In a notice to the federal district court in Alexandria, Virginia, senior Justice Department lawyers rebuffed U.S. District Judge Leonie Brinkema’s request for the declaration from Blanche, Bessent and Associate Attorney General Stanley Woodward.
Brinkema said last week that “to avoid any further litigation,” the senior officials should file the declaration under penalty of perjury that the “anti-weaponization” program wouldn’t proceed “in any manner, or under any name.” She also granted a preliminary injunction that blocks the Justice Department from taking any action to create or operate the program, which remains in place.
The judge warned that if the administration opted not to file the declaration, the lawsuit brought by a coalition that includes two nonprofits and a former federal prosecutor would move forward.
In the notice, Andrew Block, senior counsel to Woodward, said the declaration is “unnecessary and the compelled testimony of senior officials from the Executive Branch implicates serious separation of powers concerns.”
He noted that Blanche had already testified to Congress that the fund is “not going forward, period,” and said similar assertions have been made in court filings from the Justice Department.
“Accordingly, the Court’s demands are unnecessary,” Block wrote. “And its presumption that mootness can arise only by compelling testimony from three senior government officials ‘implicate[s] separation of powers concerns.’ As stated multiple times, the Fund is not moving forward.”
It’s unclear whether Block’s arguments will be enough to persuade Brinkema to agree that the lawsuit should be dropped.
“It is telling that even after the federal court gave them a week, the Acting Attorney General and other senior administration officials continue to refuse to say under oath that the Slush Fund is dead and won’t operate in the future,” Skye Perryman, president and CEO of Democracy Forward, which is representing the plaintiffs, said in a statement. “Nor have they provided any information under oath about their compliance with the court’s prior directives.”

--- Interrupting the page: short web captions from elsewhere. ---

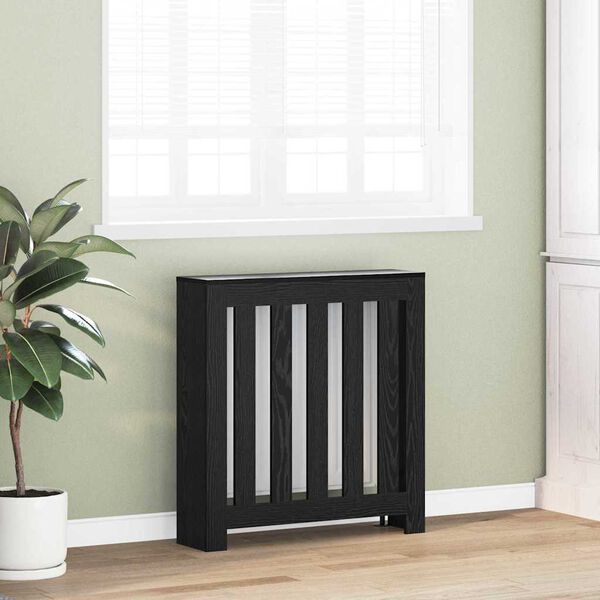 vidaXL Radiator Deksel Svart Eik 78 x 20 x 82 cm Konstruert tre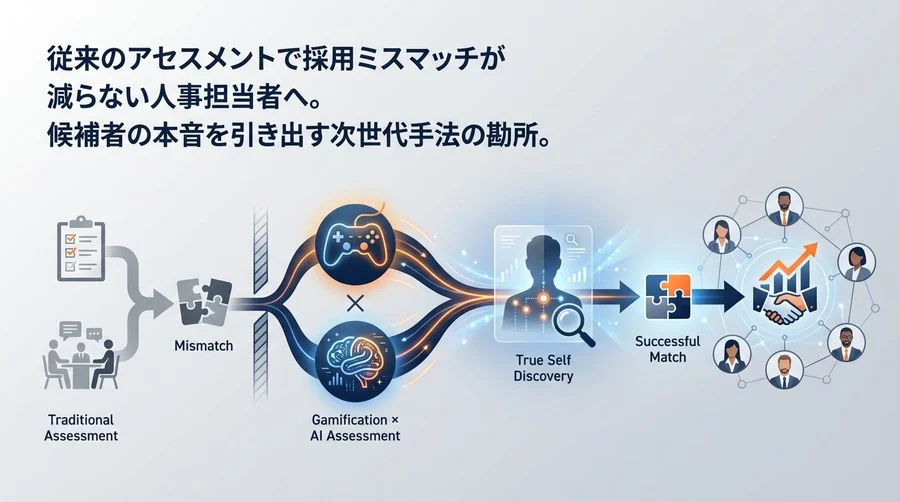 ゲーミフィケーション×AIアセスメントで採用ミスマッチを防ぐ：候補者の「素」を見抜く5つの導入指針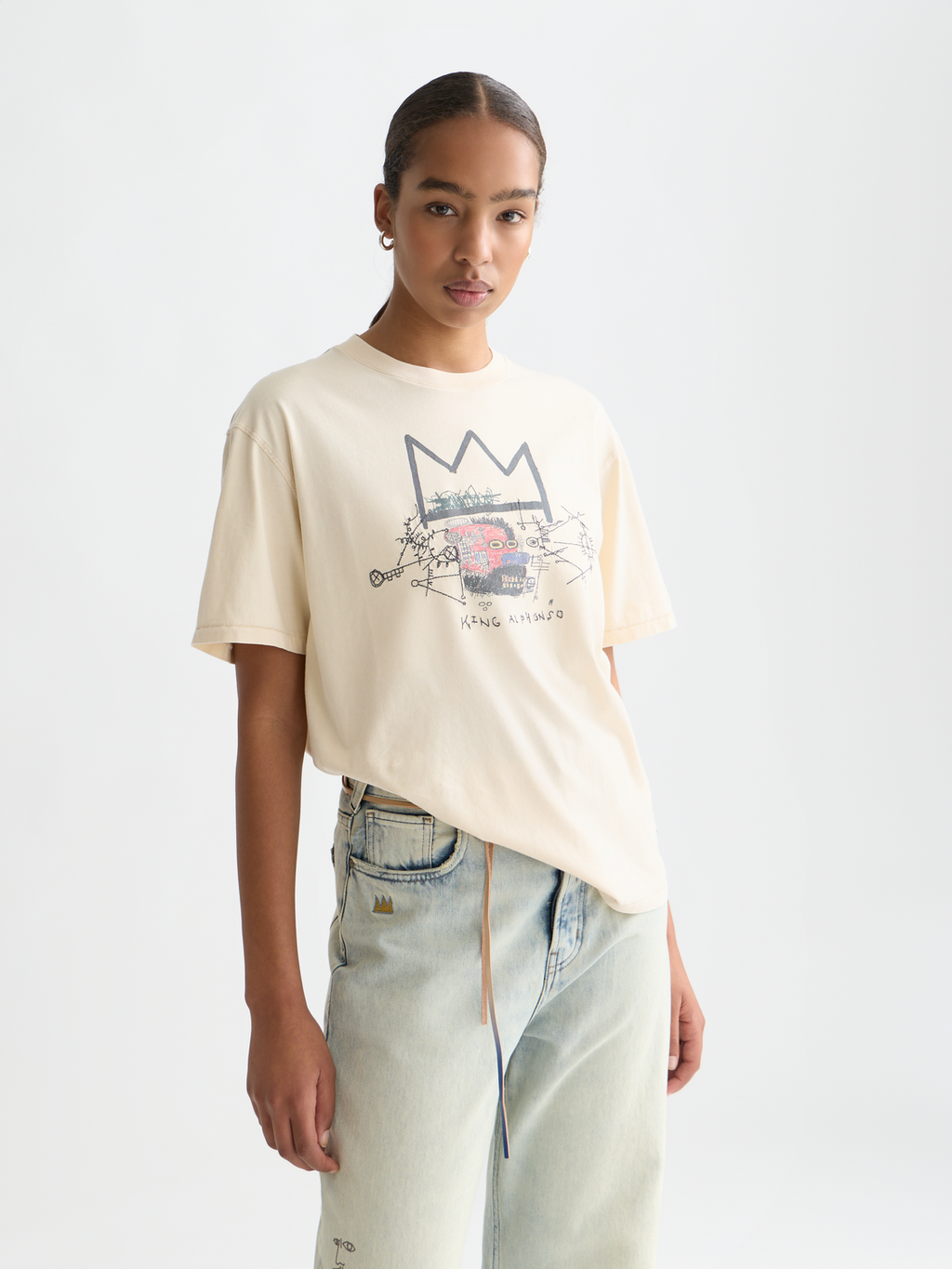 Scotch & Soda x Basquiat T-Shirt mit verwaschenem Artwork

Brinkema gave the Trump administration the chance to clarify the fund’s status following a hearing last week. Block argued before the court that the case should be dismissed because the administration hadn’t set up the fund and isn’t going ahead with it.
While the Justice Department made that assertion in court filings and to Congress during a hearing earlier this month, the judge noted none of those statements were made under penalty of perjury.
The “anti-weaponization” fund was created as part of a deal to settle a civil lawsuit President Trump filed against the Internal Revenue Service in January over the leak of his tax returns by a former government contractor. The $1.776 billion program aimed to “provide a systematic process to hear and redress claims of others who suffered weaponization and lawfare,” the Justice Department said.
But the fund drew serious backlash from Republicans on Capitol Hill, who raised concerns with the possibility that people involved in the Jan. 6, 2021, attack on the U.S. Capitol could receive payouts.
After the “anti-weaponization” program threatened to derail the GOP’s immigration agenda in Congress, Blanche told a House committee that the Justice Department was “not moving forward with the fund.” But he refused to put the commitment in writing, raising the possibility that the fund could be resurrected in another form.
The Justice Department also argued in court papers in two different legal challenges that the program “had not been set up and is now not going forward,” and said the cases are moot and should be dismissed in their entirety. Government lawyers argued that none of the five members who would establish and administer the fund had even been appointed.
But during the hearing before Brinkema last week, the judge expressed skepticism over the Justice Department’s assertion that the fund is dead.
The case before Brinkema was filed by a former prosecutor who worked on cases involving the Jan. 6 attack, as well as the city of New Haven, Connecticut, and two nonprofit groups, Common Cause and the National Abortion Federation.
Other challenges to the fund have been brought in Washington, D.C., and California. In one of the cases in Washington, involving a government watchdog group, a federal judge declined to temporarily halt operation of the fund.